What are the lines from the top of the entries through the one with "Today I want"? Write them out exactly, with no pictures.

### INPUT MATERIAL
■ ■ ■ ■ ■ ■ ■

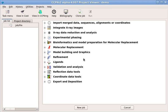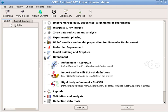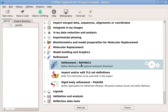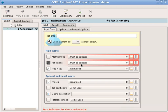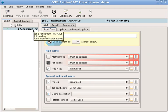Now we want to run a task. Let's try a refinement first. On the right is the task menu. You can get back to here by using the task menu icon. Open the refinement section and double click refinement with REFMAC5. The new job is shown in the job list on the left.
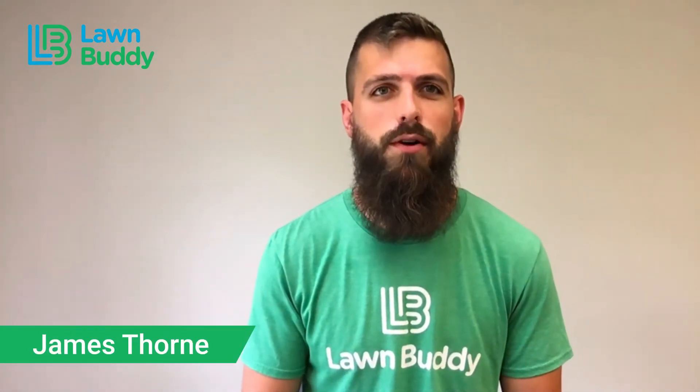Hi, I'm James. I lead our support team here at Lawn Buddy, and I'm super excited that you've chosen to partner with us.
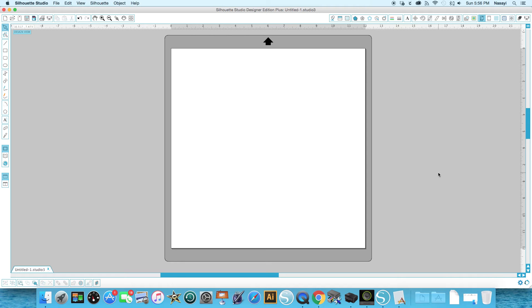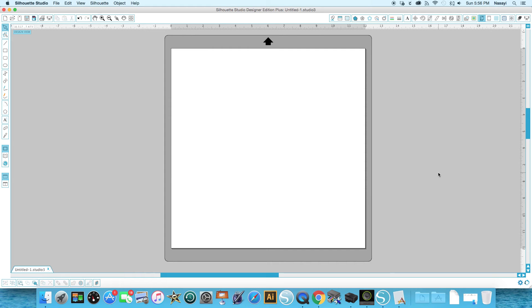Now you don't necessarily have to do this when you're cutting a scrap piece of paper, but if you want to see exactly how much or how far to the edge you can get and you want your digital cutting mat on the screen to reflect your physical cutting mat that you're looking at in real life, this is how you would adjust your page settings.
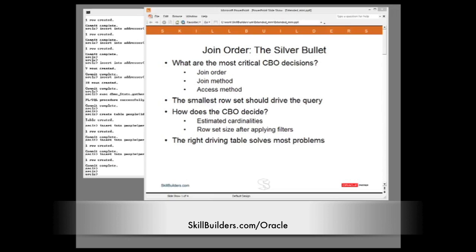Today I want to talk about what may be one of the most important features that was introduced with release 11. It will help you achieve the silver bullet of SQL statement tuning. What is that silver bullet? I strongly believe that it is join order.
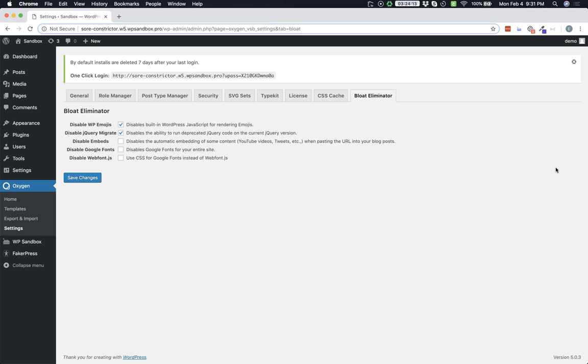Webfont.js does add some features like some classes that allow you to manage a flash of unstyled text and things like that. But in most cases it's unnecessary so we added the checkbox here to remove it in case you don't need it.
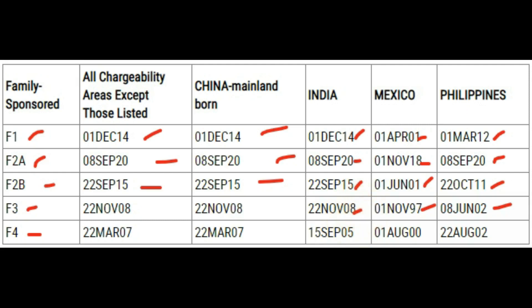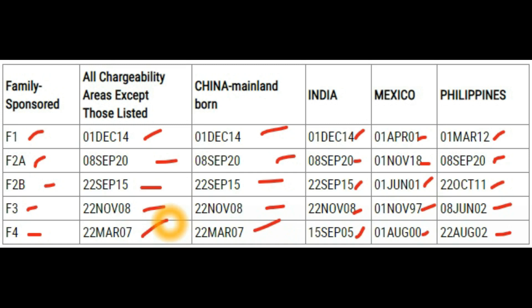For F3 category from the Philippines it's June 8, 2002; Mexico here; India here; China Mainland Born here; all other countries here. For F4, siblings of U.S. citizens — from the Philippines it's August 22nd, 2002; Mexico August 1st, 2000; India September 15th, 2005; China Mainland Born March 22nd, 2007; and all other countries March 22nd, 2007. Check your priority date against those dates — if your priority date comes before those dates, it means it's current, and you'll get a notification from either USCIS or NVC. If you don't get a notification after one to three months, you need to contact the appropriate agency depending on where your case is.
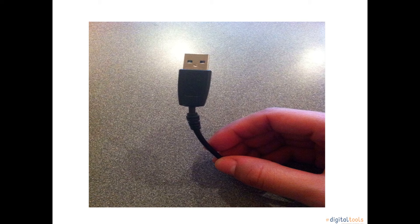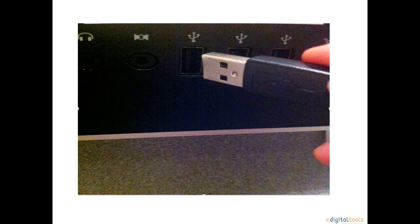First, plug your USB cable into your camera and the other end of the USB cable should go into the USB spot, which is located in the back of your desktop.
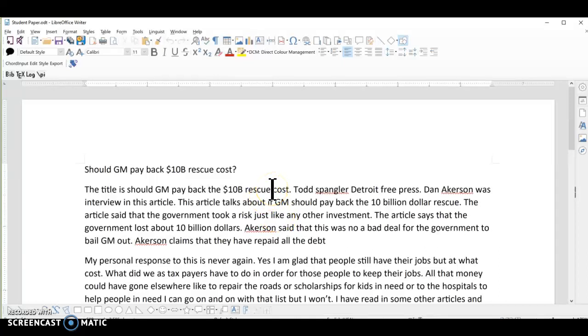Hi, my name is Sean Walker, and I'd like to talk to you about LibreOffice today. When I first began using LibreOffice, I wasn't crazy about it. But the more I've used it, the more I like it.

■ ■ ■ ■ ■ ■ ■

### EXERCISE RESULT
Now we want to run a task. Let's try a refinement first. On the right is the task menu. You can get back to here by using the task menu icon. Open the refinement section and double click refinement with REFMAC5. The new job is shown in the job list on the left.
Hi, I'm James. I lead our support team here at Lawn Buddy, and I'm super excited that you've chosen to partner with us.
Now you don't necessarily have to do this when you're cutting a scrap piece of paper, but if you want to see exactly how much or how far to the edge you can get and you want your digital cutting mat on the screen to reflect your physical cutting mat that you're looking at in real life, this is how you would adjust your page settings.
Today I want to talk about what may be one of the most important features that was introduced with release 11. It will help you achieve the silver bullet of SQL statement tuning. What is that silver bullet? I strongly believe that it is join order.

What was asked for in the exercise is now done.